Type of presentation: Poster

MS-2-P-1745 Electron microscopic evidence for a tribologically induced phase transformation as the origin of wear in diamond

Zhang X.1, Schneider R.1, Müller E.1, Mee M.2, Meier S.2, Gumbsch P.1, 2, Gerthsen D.1
1Karlsruhe Institute of Technology (KIT), Karlsruhe, Germany, 2Fraunhofer Institute for Mechanics of Materials IWM, Freiburg, Germany
xinyi.zhang2@kit.edu

The origin of wear and the low friction coefficient of diamond is still an intensely debated problem in tribology. Here we study coarse-grained diamond films, deposited by plasma-enhanced chemical vapor deposition, which were tribologically loaded on a ring-on-ring tribometer against a similar diamond counterpart. The microstructure of worn and unworn regions of the diamond film was studied by transmission and scanning electron microscopy. Amorphous carbon (a-C) layers are observed on both as-deposited and on tribologically tested diamond, but differ significantly as far as thickness and morphology are concerned. The a-C layer with a thickness of up to several 100 nm on as-deposited diamond is attributed to the plasma deposition process. For the tribologically tested region of the film, the TEM images (Fig. 1) demonstrate that the µm-sized grains at the rough original diamond surface are almost completely flattened indicating that a significant amount of material must have been removed including the residual a-C layer from the deposition process. In contrast to the as-deposited a-C residue, the tribo-induced a-C layer is comparably uniform with a thickness below 100 nm. The TEM sample from the wear track prepared by conventional techniques (Fig. 2) confirms the findings of the FIB-prepared sample. A few of the TEM samples containing a tribo-induced a-C layer contain grain boundaries of the underlying polycrystalline diamond in the electron transparent region. It is found that the thickness of the a-C layer changes quite abruptly on grains with different crystallographic orientations (white arrow in Fig. 2). Fig. 3 clearly shows that the interface between the crystalline diamond and the tribo-induced amorphous a-C layer is not crystallographically flat but displays a nm-scale roughness. The anisotropic phase transformation and the small roughness of the interface are regarded as evidence for an atom-by-atom wear process. Quantitative electron energy loss spectroscopy of the C-K ionization edge, performed in a transmission electron microscope, reveals the transition from sp3-hybridized C-atoms in diamond to a high fraction (65 %) of sp2-hybridized C-atoms in the tribo-induced a-C layer within a region of less than 5 nm thickness.


XZ acknowledges funding from China Scholarship Council (CSC) (No. 2010606030). PG acknowledges support from Deutsche Forschungsgemeinschaft DFG (project grant Gu 367/30).

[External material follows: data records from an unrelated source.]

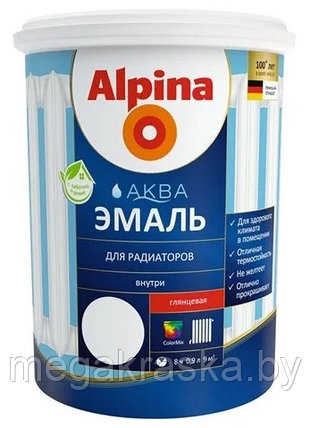 Alpina АКВА эмаль для радиаторов 0,9л., фото 2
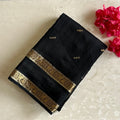 Midnight Blue And Antique Gold Soft Tussar Silk Saree With Striped Pallu
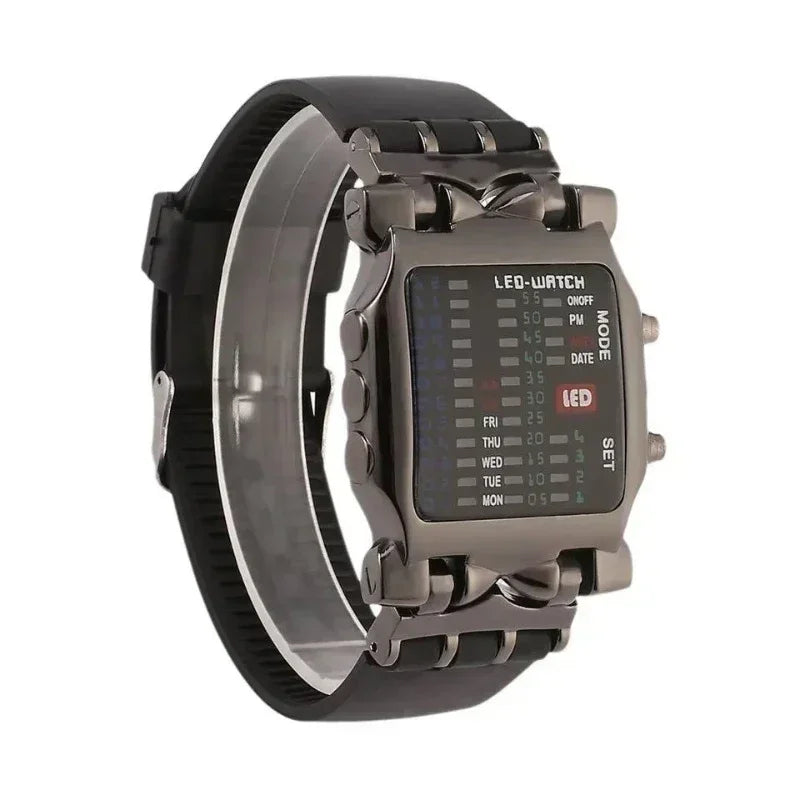 Men's LED Binary Crab Watch – Futuristic Gift Style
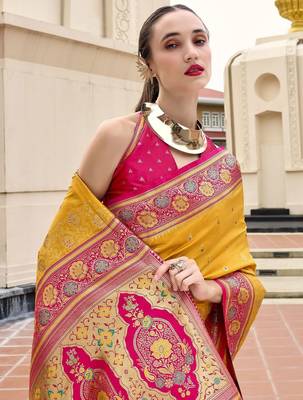 mustard floral woven design zari banarasi saree 3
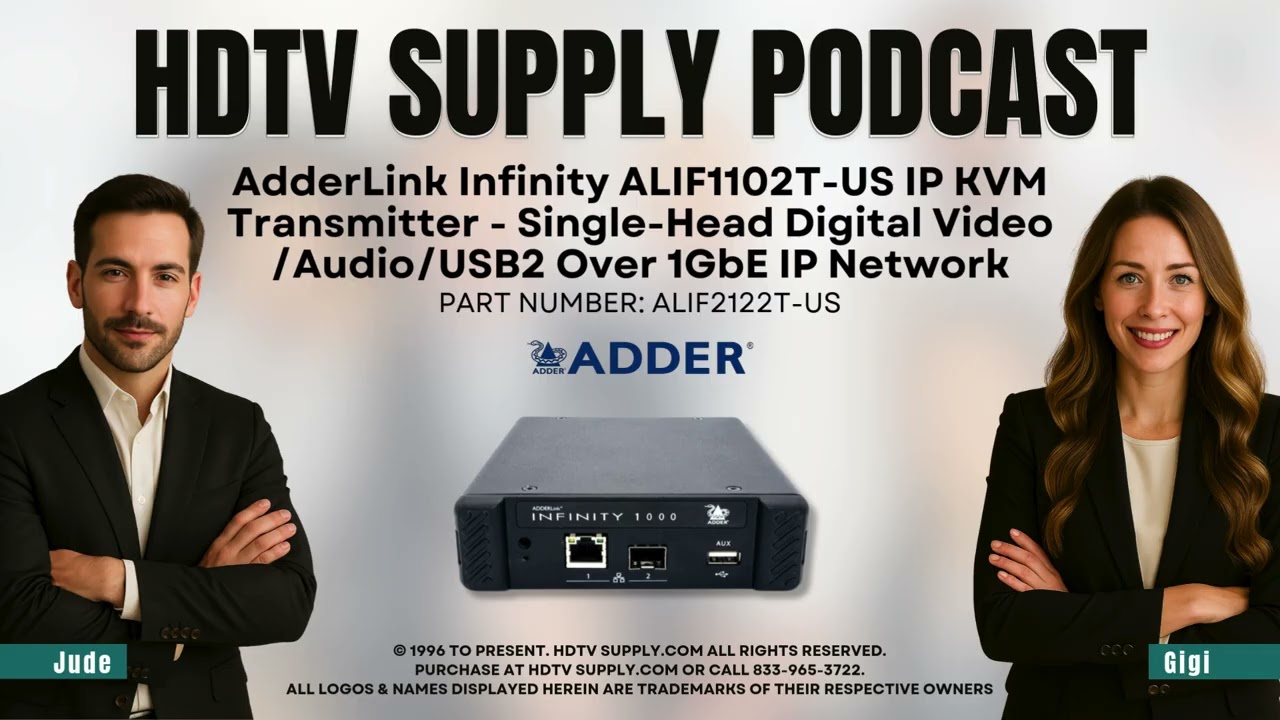 AdderLink Infinity ALIF1102T-US IP KVM Transmitter - Single-Head Digital AV Over 1GbE IP Network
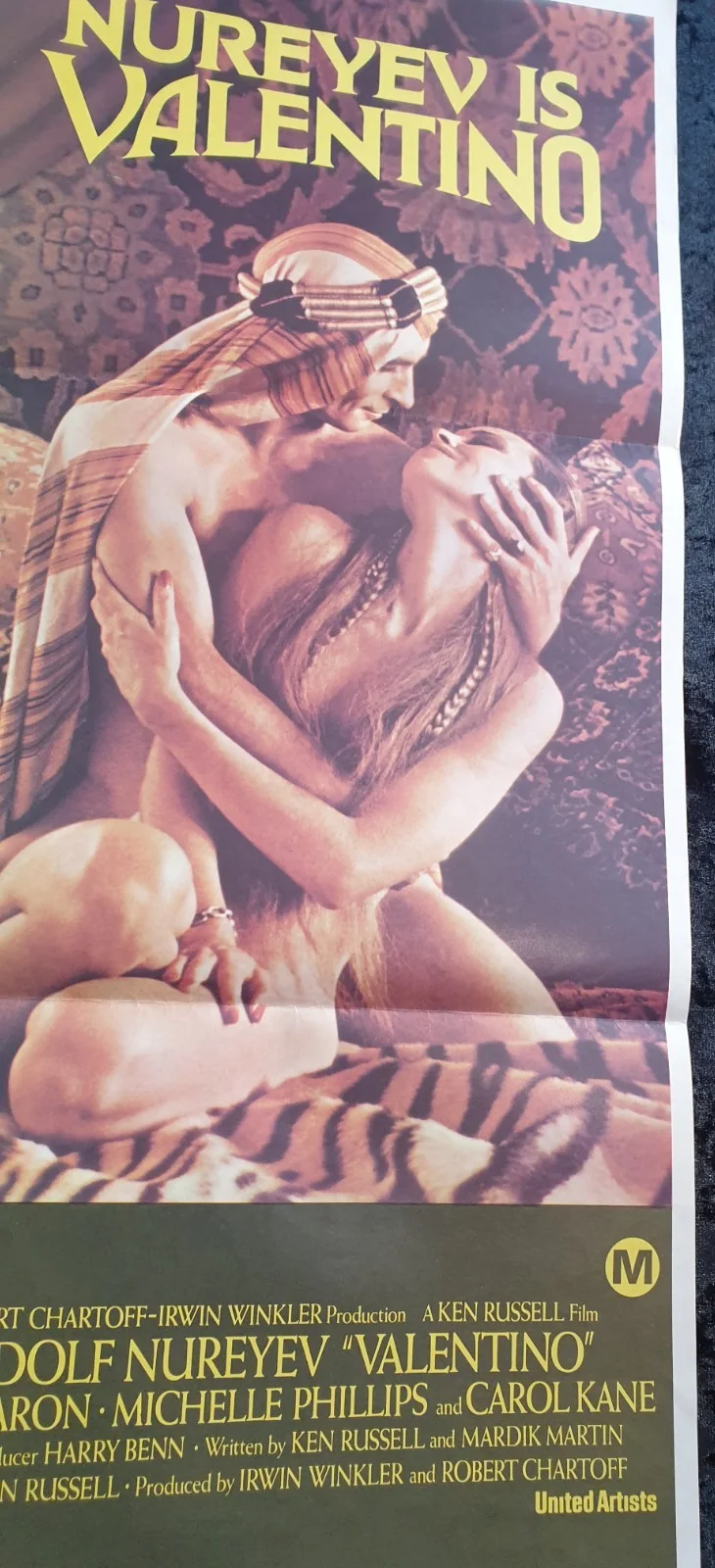 VALENTINO 1977 Portrait Film Poster Rudolf Nureyev Ken Russell Folded, изображение 5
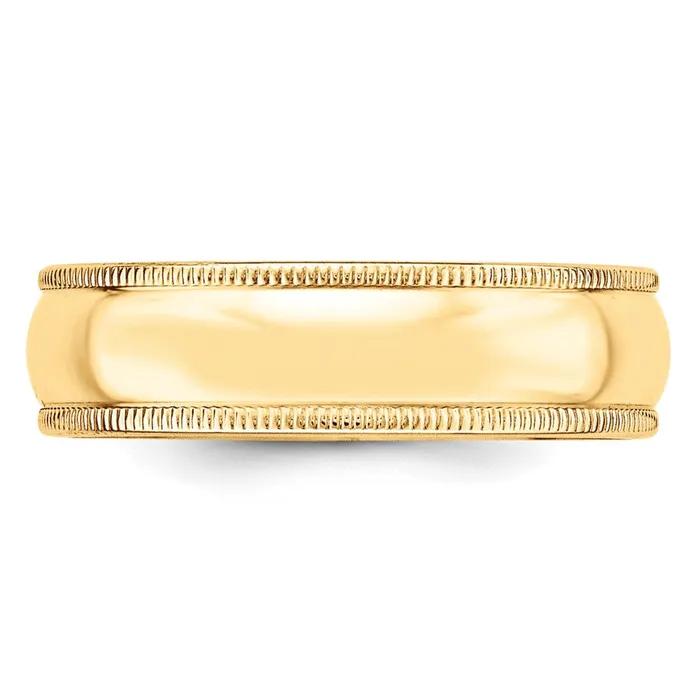 Goldia Rings Solid 18K Yellow Gold 6mm Light Weight Milgrain Half Round MensWomens Wedding Band Ring Size 9 Goldia Rings Solid 18K Yellow Gold 6mm Light Weight Milgrain Half Round MensWomens Wedding Band Ring Size 9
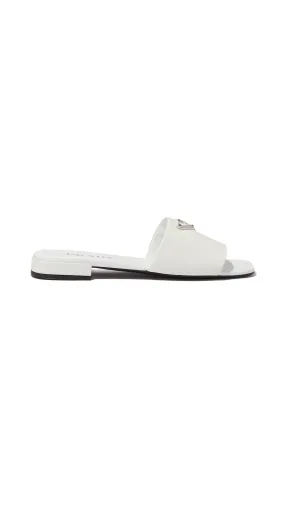 Saffiano Patent Leather Slides White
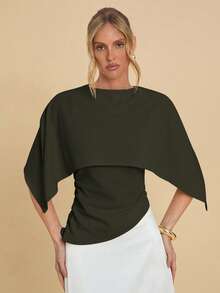 COSMINA 女士纯色简约休闲上衣 - 軍綠色 - 查看 4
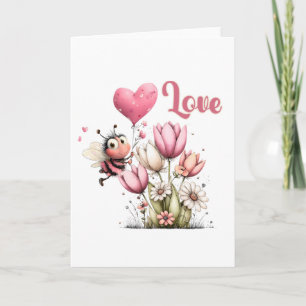 Cute Bee Love Heart & Floral Holiday Card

Fig. 1: Overview TEM image of a cross-section FIB-lamella taken from the wear-track region.

Fig. 2: Overview TEM image of a conventional cross-section TEM sample prepared from the wear-track region.

Fig. 3: HRTEM image of the interface region between crystalline diamond and the tribo-induced amorphous carbon layer with the diamond oriented along the [111] zone axis. The approximate position of the interface is marked by a dashed line.